Updated

U.S. officials say they will use a U.N. summit in South Africa next week as a platform for refuting world criticisms of President Bush's policies on the environment and aiding the world's poor.

Secretary of State Colin Powell will head the U.S. delegation to the summit, which runs Aug. 26 through Sept. 4 in Johannesburg. Powell will be on hand for the last few days of the summit, although other U.S. officials will be there beforehand.

That fact alone drew criticism — that Bush, unlike other heads of state, ignored calls to attend the summit himself because he has adopted a go-it-alone stance toward some global concerns, like climate change.

A senior administration official, speaking to reporters on condition of anonymity, said Wednesday that Powell and other members of the U.S. delegation will highlight $4.5 billion in programs for developing nations and stress public-private partnerships to address needs such as water, ending hunger, preserving Congo Basin forests and providing better access to energy.

They also will take the chance to "address questions that may be out there regarding our record,'' the official said.

Paula Dobriansky, undersecretary of state for global affairs, said the United States expects this summit to pick up where two others — a trade gathering in Doha, Qatar, and a development summit in Monterrey, Mexico — left off.

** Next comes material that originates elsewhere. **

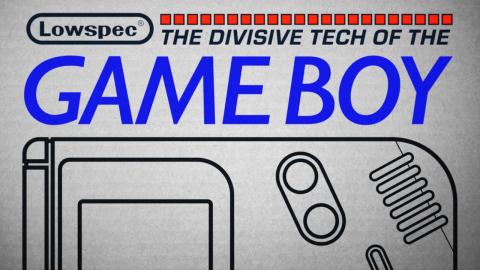 How the Game Boy ᵃˡᵐᵒˢᵗ ruined Nintendo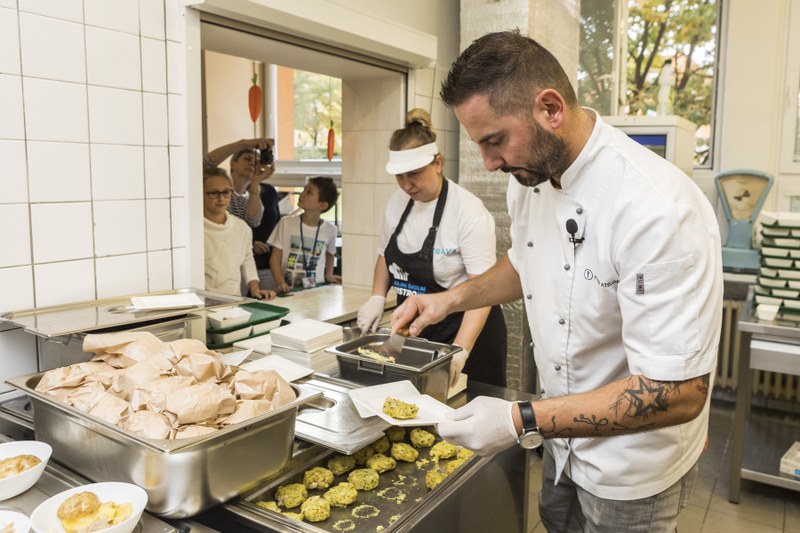 Fajne školní bistro bude pokračovat i v příštím roce Fajne školní bistro bude pokračovat i v příštím roce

The Johannesburg session is billed as a follow-up to the 1992 Earth Summit in Brazil.

"What we hope is to see a continuum of a process that has started,'' Dobriansky said. "In Johannesburg, we want to see results.''

Bush attended the Monterrey meeting last March and unveiled his plan for requiring countries to make progress on economic and social reform to be eligible for U.S. aid. He also attended the annual summit of industrialized nations in Canada in June, where much of the focus was on helping the most downtrodden nations in Africa.

After leaving South Africa, Powell will go to Angola and Gabon, two of the world's leading oil-producing nations. One official said oil might be discussed, but would not be a focal point of Powell's talks in those countries.

In Angola, Powell plans to visit a camp for Angolans displaced by civil war. In Gabon he will meet with non-governmental organizations on preserving forests.

Powell will meet with various leaders on the sidelines of the summit, one official said, to address Africa's more bedeviling political struggles: a fragile peace arrangement in Congo, land seizures in Zimbabwe and the death-by-stoning sentence given a Nigerian woman by an Islamic court.